RECORDS TO PROCESS

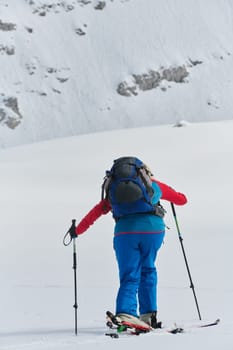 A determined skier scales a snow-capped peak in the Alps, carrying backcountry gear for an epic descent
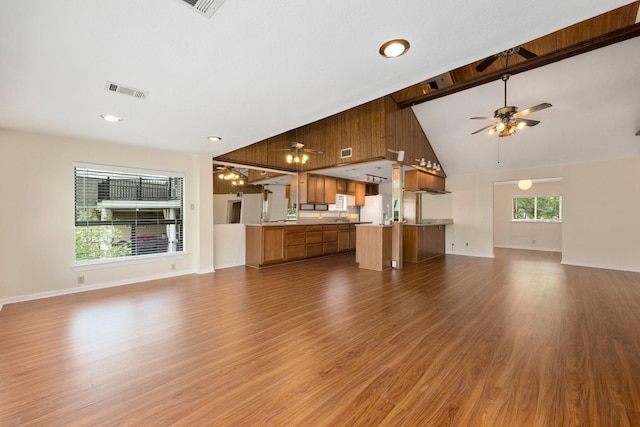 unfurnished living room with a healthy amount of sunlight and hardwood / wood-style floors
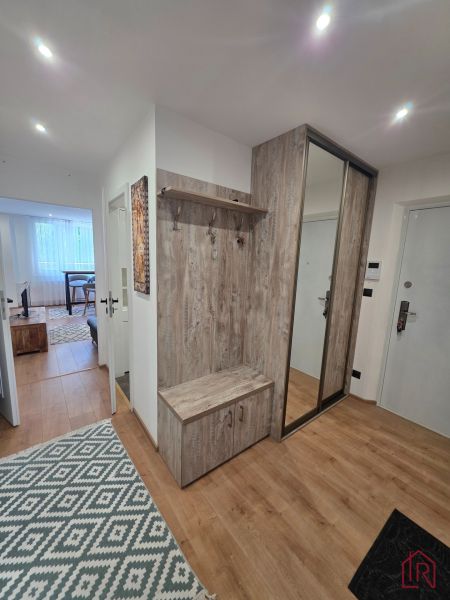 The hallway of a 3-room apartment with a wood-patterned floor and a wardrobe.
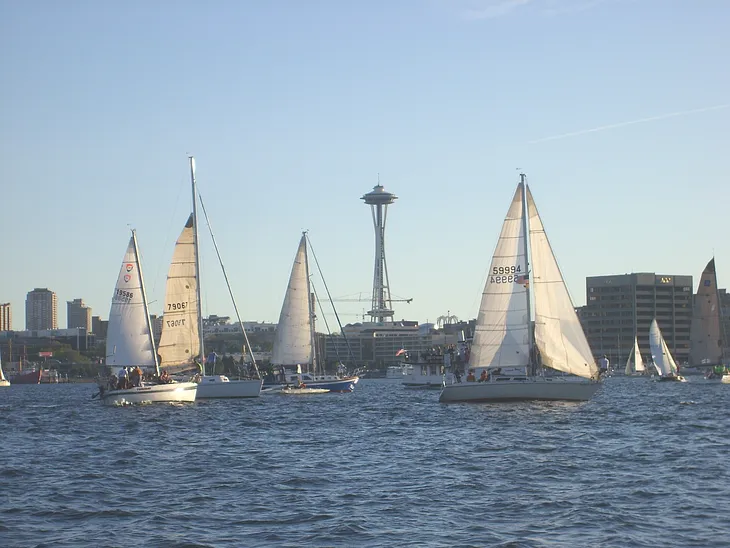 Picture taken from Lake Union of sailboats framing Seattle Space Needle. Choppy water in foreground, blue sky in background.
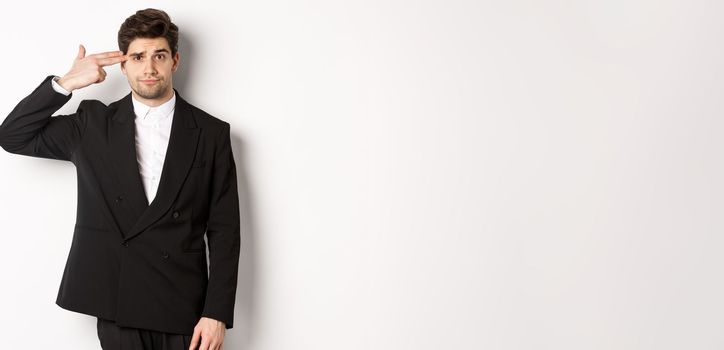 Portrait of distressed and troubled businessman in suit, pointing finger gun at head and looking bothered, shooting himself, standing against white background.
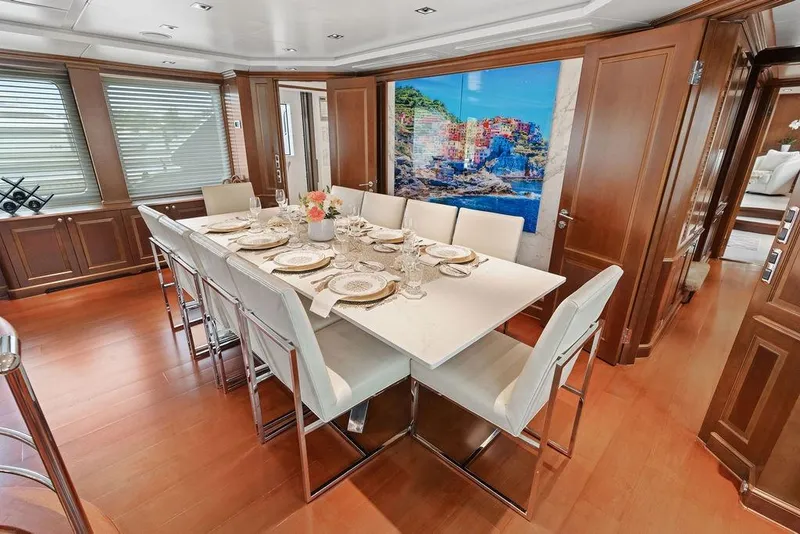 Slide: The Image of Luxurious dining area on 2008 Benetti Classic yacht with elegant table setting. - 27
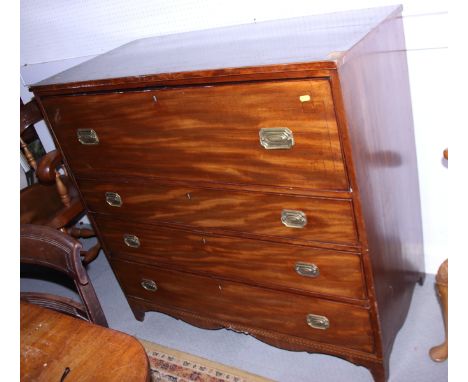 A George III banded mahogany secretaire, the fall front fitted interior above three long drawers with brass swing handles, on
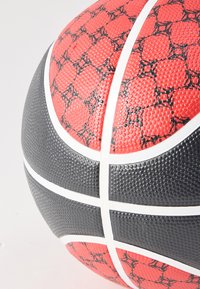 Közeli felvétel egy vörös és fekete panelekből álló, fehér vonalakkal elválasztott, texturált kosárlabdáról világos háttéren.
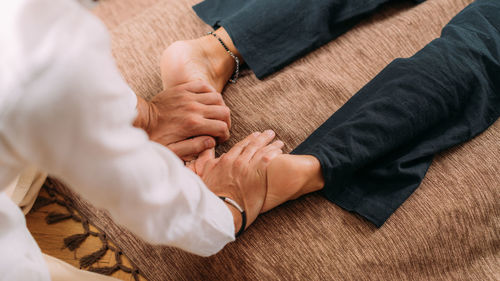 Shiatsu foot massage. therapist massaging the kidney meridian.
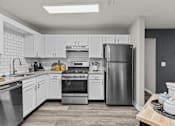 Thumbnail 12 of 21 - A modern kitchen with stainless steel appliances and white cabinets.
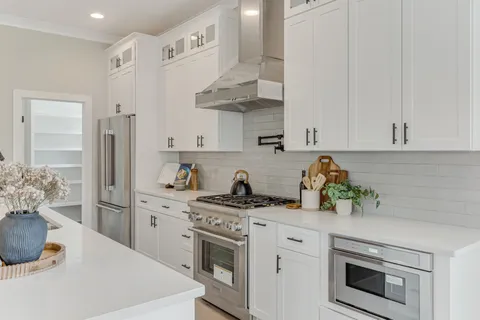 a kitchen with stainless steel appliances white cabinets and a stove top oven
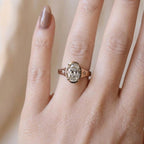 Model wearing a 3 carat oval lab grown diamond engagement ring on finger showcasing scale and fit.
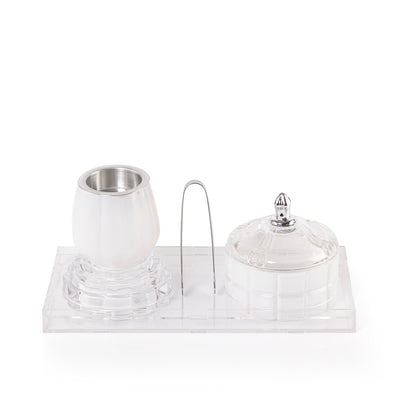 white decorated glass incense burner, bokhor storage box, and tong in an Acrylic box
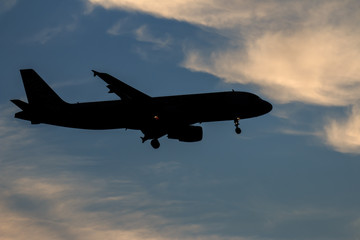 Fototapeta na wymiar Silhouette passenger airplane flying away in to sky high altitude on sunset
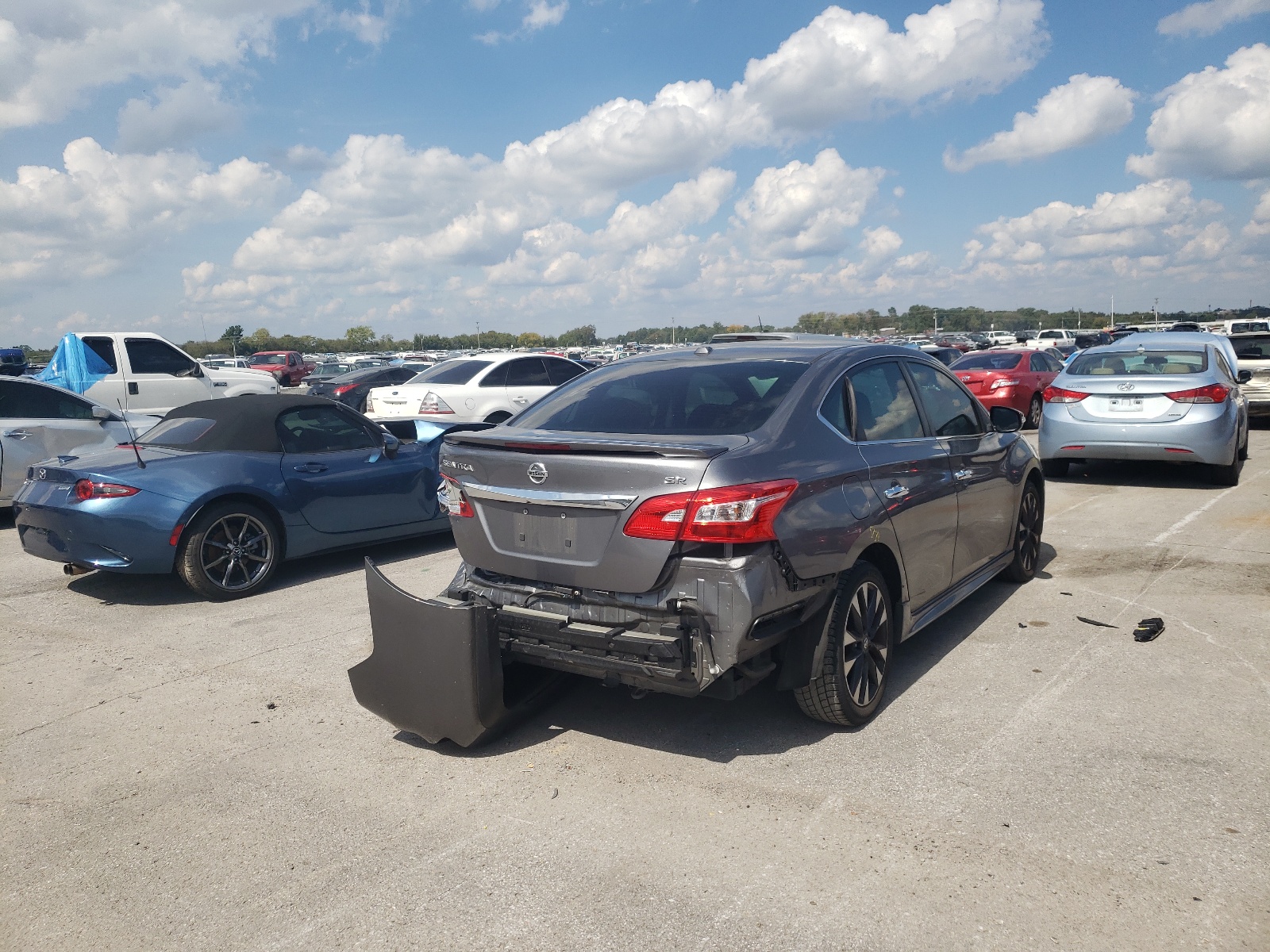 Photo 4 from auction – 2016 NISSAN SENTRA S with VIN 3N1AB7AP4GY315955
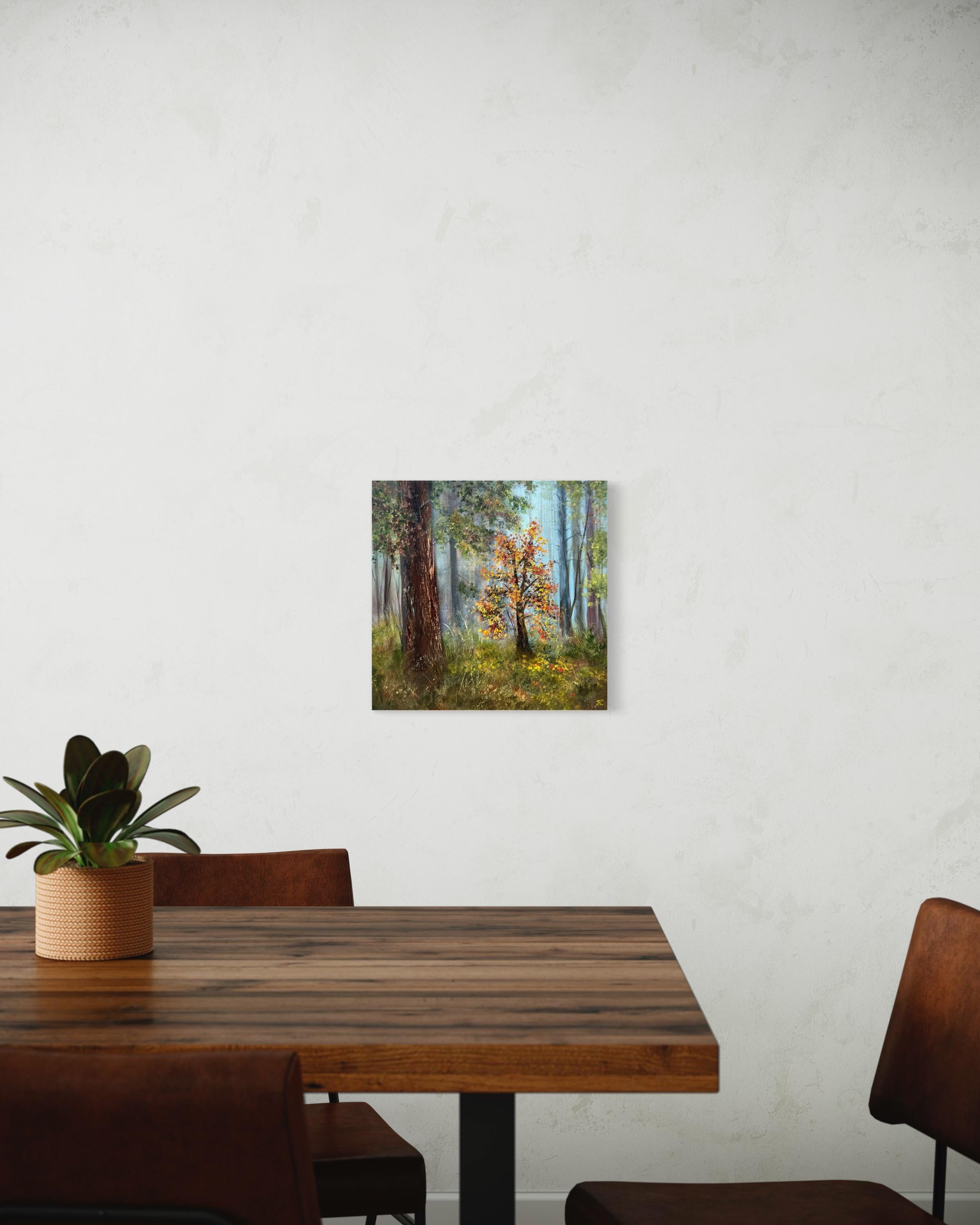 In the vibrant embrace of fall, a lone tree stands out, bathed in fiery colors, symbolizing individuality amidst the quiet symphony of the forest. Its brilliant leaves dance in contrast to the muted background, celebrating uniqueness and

TASK INSTRUCTIONS
What is needed is a word-for-word copy of the lines from the one containing "white decorated glass" through the final line of the records above, both included, with the pictures left out.

REPLY
 white decorated glass incense burner, bokhor storage box, and tong in an Acrylic box
 Fototapeta na wymiar Silhouette passenger airplane flying away in to sky high altitude on sunset
 Photo 4 from auction – 2016 NISSAN SENTRA S with VIN 3N1AB7AP4GY315955
 In the vibrant embrace of fall, a lone tree stands out, bathed in fiery colors, symbolizing individuality amidst the quiet symphony of the forest. Its brilliant leaves dance in contrast to the muted background, celebrating uniqueness and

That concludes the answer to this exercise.